Peut-être ceux qui habitent la maison de leurs arrière-grands-parents, exploitant les mêmes terres depuis des siècles, peuvent-ils dire qu’ils sont chez eux. Mais combien sont-ils ? Mais à chaque génération, obligatoirement, la moitié de la famille, les conjoints de chaque descendant, ne sont pas d’ici, mais d’à-côté ou de très loin.

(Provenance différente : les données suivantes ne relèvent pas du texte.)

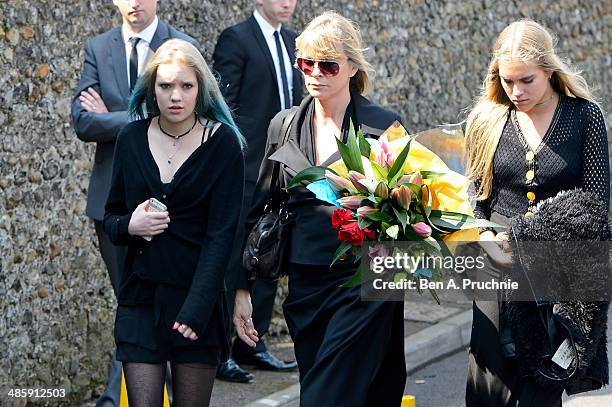 Lola Daisy May Leng Taylor, Debbie Leng and Tiger Lily Taylor attends the funeral of Peaches Geldof, who died aged 25 on April 7, at St Mary...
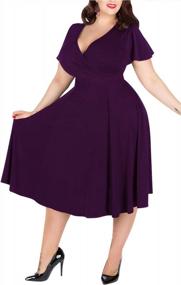 img 2 attached to Chic And Comfortable: Nemidor® Women'S Plus Size Bridesmaid Dress With V-Neckline And Stretchy Material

L’Afghanistan est l’histoire d’une succession de guerres et d’alliances, comme la plupart des pays. Dans la années 1800, les Européens, les Britanniques entrent en scène. Il s’agit de s’opposer à Bonaparte. Depuis, les Afghans ne sont plus chez eux. Il y eut en 1979 l’invasion par les soviétiques (la guerre mondiale était proche), puis après 2001 la prise de contrôle par les Etats-Unis. Qui est Afghan aujourd’hui ? Celui qui n’a pas pu fuir ou celui que se retrouve « chez nous » ? La diaspora ou les locaux ? L’Occident peut-il se définir comme démocratie, Etat de droit, et droits de l’homme s’il abandonne ses collaborateurs ?

Cette homélie n’est ni un cours d’histoire de l’Afghanistan, ni une réflexion sur ce que signifie être français. Elle vise à interroger nos évidences, eux-nous, « chez nous ». Elle vise à nous conduire « vers un nous toujours plus grand »

Quand, à Chablis (je prends cet exemple, parce que c’est « chez nous », mais on pourrait en trouver des dizaines semblables dans « notre » diocèse), paroissiens, chrétiens ou non, donnent des cours de français à de jeunes adultes Afghans, ce n’est pas la langue qu’ils enseignent, ou pas seulement ; c’est la fraternité qu’ils tentent de restaurer, d’instaurer. Il n’y a plus eux-nous, mais ce que nous faisons ensemble.

Avec l’évangile, que nous le voulions ou non, le nous de l’humanité est appelé à être exhaustif. Le nous de l’humanité n’a de sens que catholique, universel, selon le tout, avec tous, partout. « Il n’y a ni Juif ni Grec, il n’y a ni esclave ni homme libre, il n’y a ni homme ni femme ; car tous vous ne faites qu’un dans le Christ Jésus. » (Ga 3, 28) C’est « nous » qui grandissons vers ce que nous sommes, vers notre vocation de fils et filles d’un unique Père.

Dire « nous » c’est presque systématiquement les exclure, « eux » ; c’est presque systématiquement dire « nôtre » le monde, le chez nous. Mais si la forêt amazonienne est nôtre comme bien de l’ensemble de l’humanité, n’en va-t-il pas ainsi de chaque terre ? Pourrions-nous inventer et pratiquer un usage catholique de la langue ? Loin de construire des murs, le prophète nous exhorte : « Elargis l’espace de ta tente, déploie sans lésiner les toiles qui t’abritent, allonge tes cordages, renforce tes piquets » (Is 54, 2)

Savez-vous que paroisse signifie précisément « d’à-côté », pas d’ici, voisin, voire de passage. Ce qu’ils sont pour nous, eux, paroissiens, gens de passage ou d’à-côté, c’est ce que nous sommes : des gens d’ailleurs, parce que notre patrie, c’est le Royaume, non un arrière monde, mais une manière catholique d’habiter le monde, de vivre avec tous.